Description of the task =
Give again the lines from the line with "Niña mostrando su" to the last line of the records, exactly and in full. Do not carry over any pictures.

Study material =

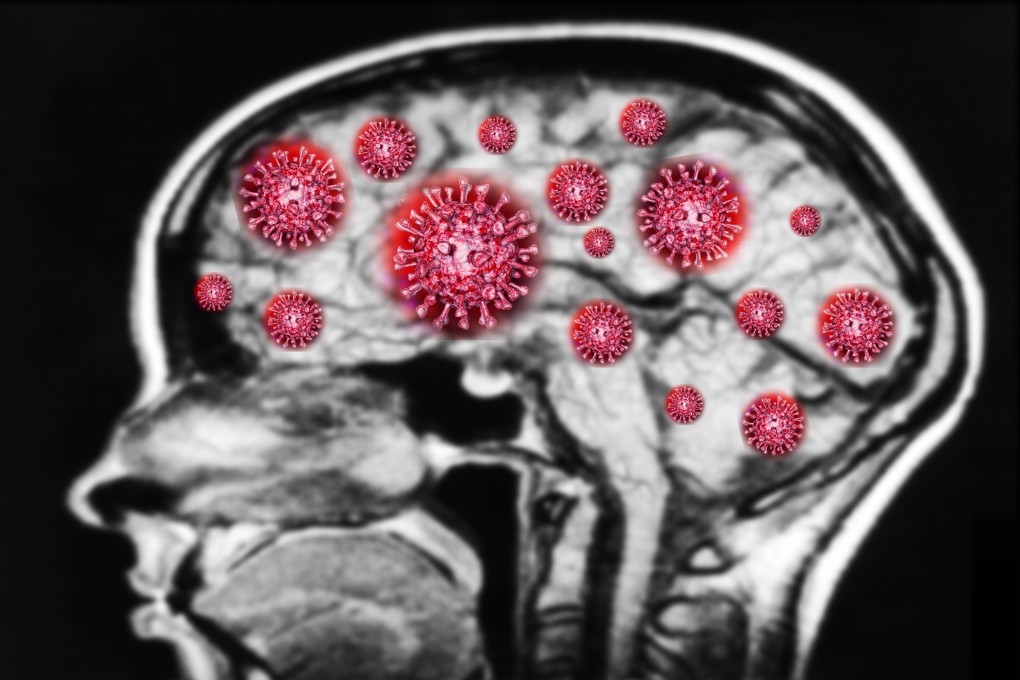 Many Covid-19 survivors have experienced cognitive issues. Photo: Shutterstock
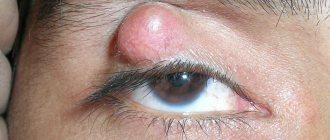 A lump on the eyebrow looks unpleasant and bothers the patient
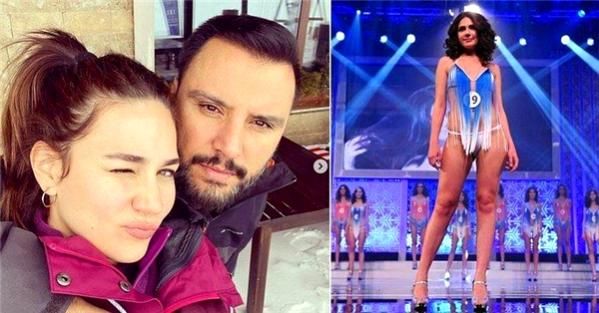 Alişan eşi Buse Varol'un estetiksiz fotoğraflarını ifşa etti! 5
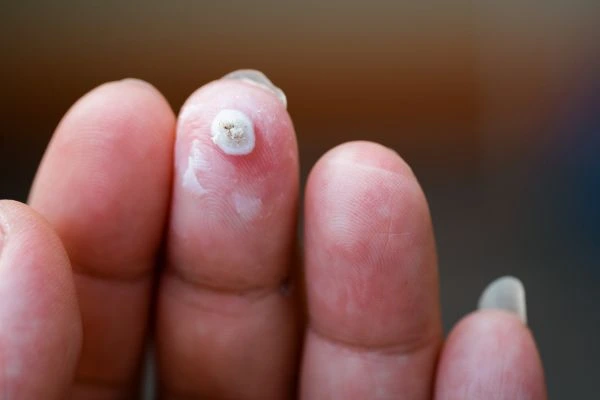 wart on person finger - cryotherapy to treat from LA LIPO Hastings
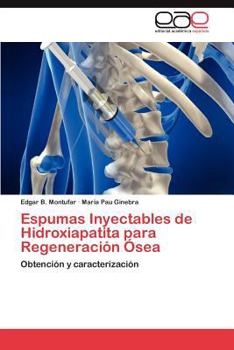 Paperback Espumas Inyectables de Hidroxiapatita para Regeneración Ósea [Spanish] Book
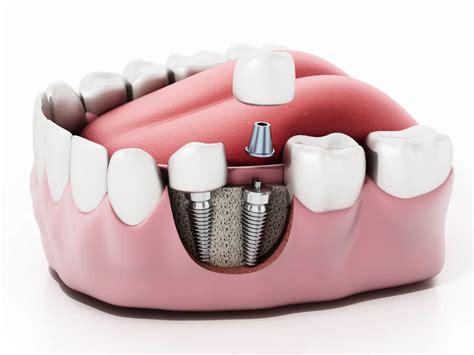 Image result for Different Types of Teeth Implants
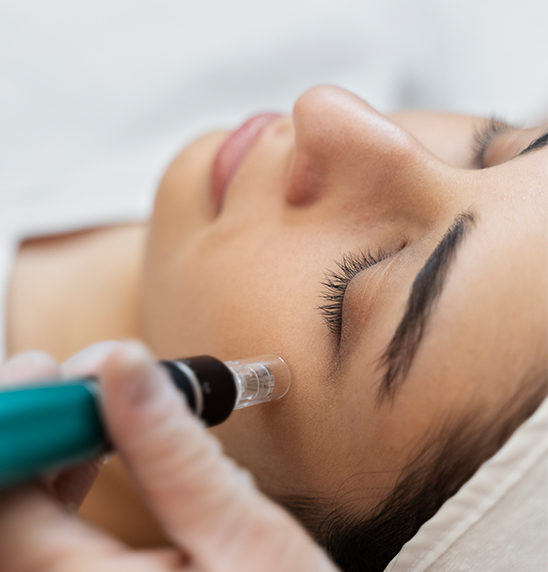 microneedling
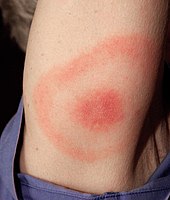Large erythematous patch in the pattern of a "bull's-eye" on a woman's posterior upper arm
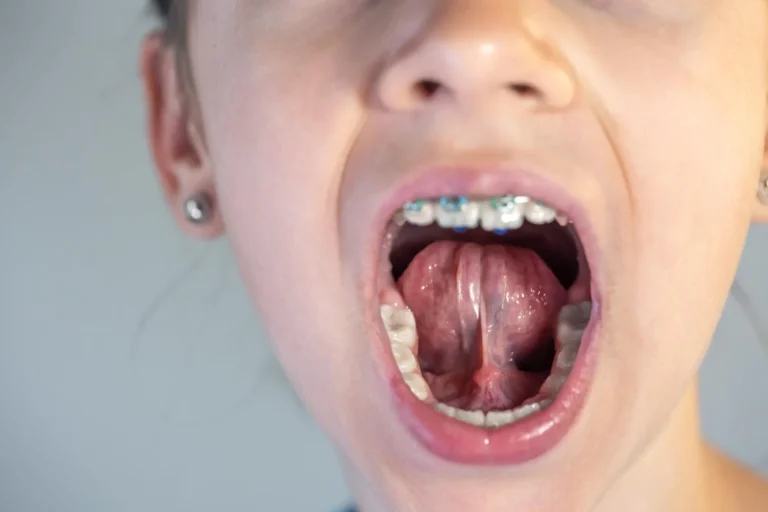 Niña mostrando su anquiloglosia o frenillo lingual corto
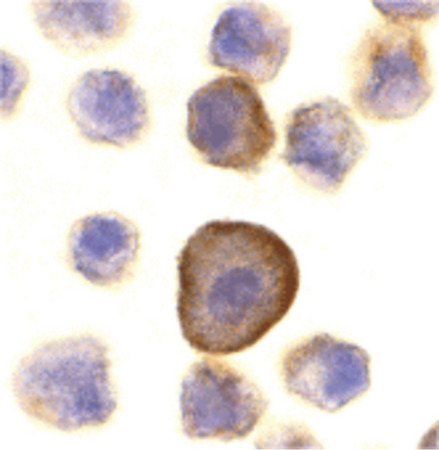 Immunocytochemistry of PERP in A431 cells with PERP antibody at 10 ug/ml.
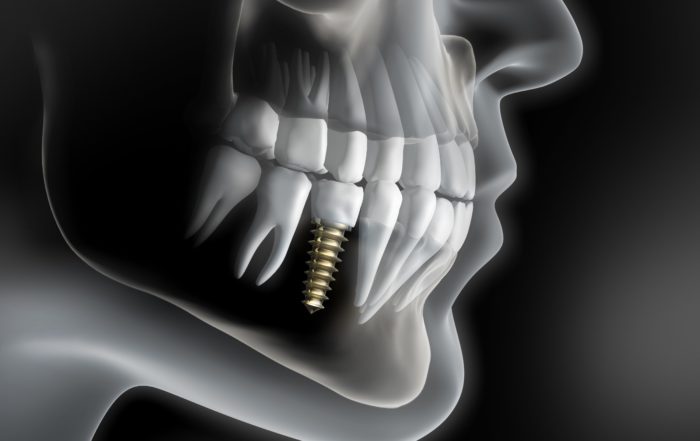 radiografía de un implante dental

Response to this exercise =
 Niña mostrando su anquiloglosia o frenillo lingual corto
 Immunocytochemistry of PERP in A431 cells with PERP antibody at 10 ug/ml.
 radiografía de un implante dental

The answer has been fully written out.